Broniący tytułu zespół Diego Simeone przystępował do starcia z Valencią w kiepskich nastrojach. Wygrał tylko jeden z sześciu poprzednich ligowych meczów. Na dodatek odpadł w środę z walki o puchar kraju, przegrywając na wyjeździe z Realem Sociedad San Sebastian 0:2, a wcześniej został wyeliminowany w półfinale miniturnieju o Superpuchar Hiszpanii.
W sobotni wieczór długo zanosiło się na kolejną wpadkę Atletico. Do przerwy Valencia prowadziła bowiem po golach, które strzelili Yunus Musah i Hugo Duro.
Wprawdzie w 64. minucie kontaktowe trafienie zaliczył Matheus Cunha, ale goście długo utrzymywali skromne prowadzenie. Gospodarze zapewnili sobie zwycięstwo dopiero w doliczonym czasie gry. Wyrównał w 90+1. minucie Angel Correa, a kilkadziesiąt sekund później wynik na 3:2 ustalił Mario Hermoso.
Dla kibiców Valencii to kolejny cios. "Nietoperze", po dobrych występach w grudniu, spisują się ostatnio znacznie słabiej - w czterech kolejnych meczach Primera Division zdobyły zaledwie jeden punkt.
W tabeli Atletico jest czwarte z dorobkiem 36 punktów, a Valencia dziewiąta (29).
Elche z szansą na rewanż
Zajmująca drugie miejsce Sevilla (46 pkt) zremisowała u siebie 2:2 z jedenastą Celtą Vigo. Gospodarze osiągnęli ten wynik z trudem - do przerwy przegrywali 0:2, a gole strzelili między 71. i 74. minutą.
Lider Real Madryt (49 pkt) podejmie w niedzielę Elche. Ostatni okres to był prawdziwy maraton dla "Królewskich". Podopieczni Carlo Ancelottiego w ciągu ośmiu dni rozegrali trzy mecze, z czego dwa po 120 minut. Wszystkie wygrali - zdobyli w tym czasie Superpuchar Hiszpanii w Arabii Saudyjskiej i awansowali do kolejnej rundy rozgrywek o puchar kraju.
Teraz na drodze Realu stanie Elche, czyli zespół... wyeliminowany przez "Królewskich" w czwartkowym meczu 1/8 finału Pucharu Hiszpanii (Króla).
Real zwyciężył na wyjeździe 2:1 po dogrywce, a w niedzielę spotka się z piętnastym Elche u siebie.

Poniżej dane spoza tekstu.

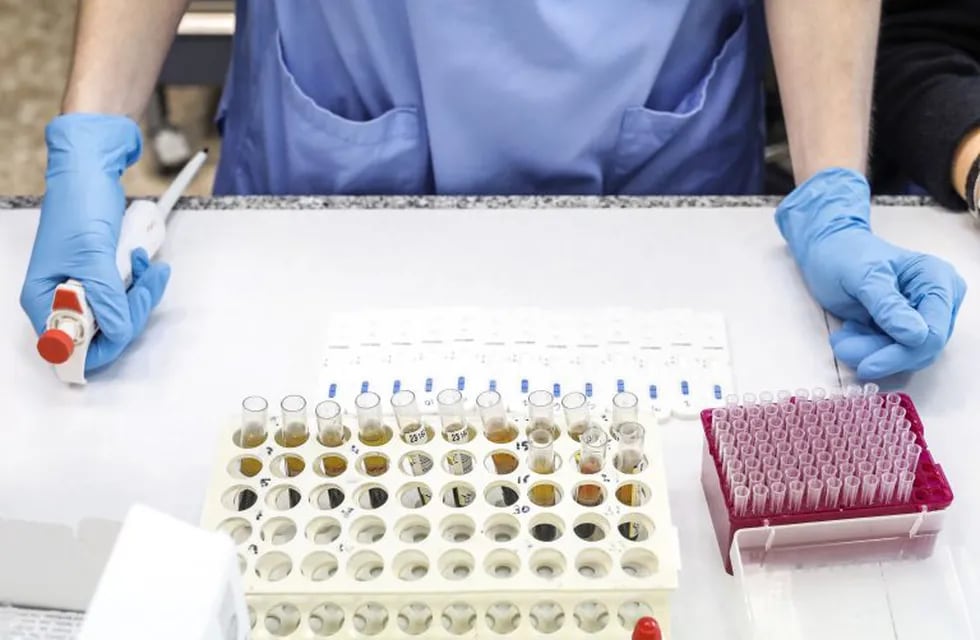 24/04/2020 Imagen de archivo de un trabajador en un laboratorio durante la pandemia de coronavirus. POLITICA Rober Solsona - Europa Press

Goście - nie licząc porażki z faworytem w Pucharze Hiszpanii - mają za sobą udany okres, wygrali dwa ligowe mecze z rzędu.

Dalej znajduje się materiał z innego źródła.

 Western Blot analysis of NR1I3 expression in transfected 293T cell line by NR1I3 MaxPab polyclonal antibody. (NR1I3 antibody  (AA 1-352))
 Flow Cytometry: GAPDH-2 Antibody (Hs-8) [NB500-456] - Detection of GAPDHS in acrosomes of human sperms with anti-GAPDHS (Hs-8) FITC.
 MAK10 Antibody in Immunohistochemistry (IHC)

Fatalna atmosfera w Barcelonie
Powody do zmartwień mają natomiast fani Barcelony (32 pkt). Nie dość, że w grudniu ich ulubieńcy pożegnali się z Ligą Mistrzów już po fazie grupowej, to niedawno odpadli w półfinale Superpucharu Hiszpanii i zostali wyeliminowani z rozgrywek o puchar kraju - lepszy po dogrywce okazał się Athletic Bilbao.
Nie mamy innego wyjścia, jak dalej wierzyć w nasz projekt - powiedział trener Barcelony Xavi Hernandez.

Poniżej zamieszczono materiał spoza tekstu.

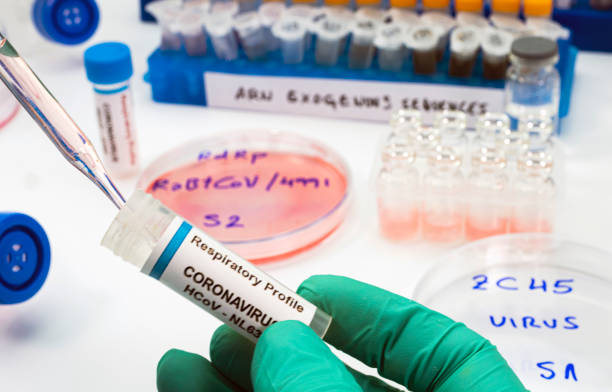 istock Virologist working on exogenous Sars-CoV-2 virus RNA sequence in the laboratory, conceptual image 1282347722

W niedzielę jego zespół zagra na wyjeździe z walczącym o utrzymanie Alaves i będzie musiał sobie radzić bez Ansu Fatiego. Wielki talent Katalończyków, który niedawno wrócił po ciężkiej kontuzji, znów musi poddać się leczeniu. Wkrótce klub zdecyduje, czy potrzebna będzie operacja.